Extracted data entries
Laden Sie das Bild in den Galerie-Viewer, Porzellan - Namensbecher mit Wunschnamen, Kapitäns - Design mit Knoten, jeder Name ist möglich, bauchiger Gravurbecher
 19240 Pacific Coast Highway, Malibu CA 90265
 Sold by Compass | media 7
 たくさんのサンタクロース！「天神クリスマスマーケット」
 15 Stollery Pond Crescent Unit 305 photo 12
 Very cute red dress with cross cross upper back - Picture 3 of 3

▶ _WORK REQUEST_: Give back exactly the lines from the one that contains "たくさんのサンタクロース！「天神クリスマスマーケット」" to the end of the data above, both of those lines included.

▶ _RESPONSE AREA_:
 たくさんのサンタクロース！「天神クリスマスマーケット」
 15 Stollery Pond Crescent Unit 305 photo 12
 Very cute red dress with cross cross upper back - Picture 3 of 3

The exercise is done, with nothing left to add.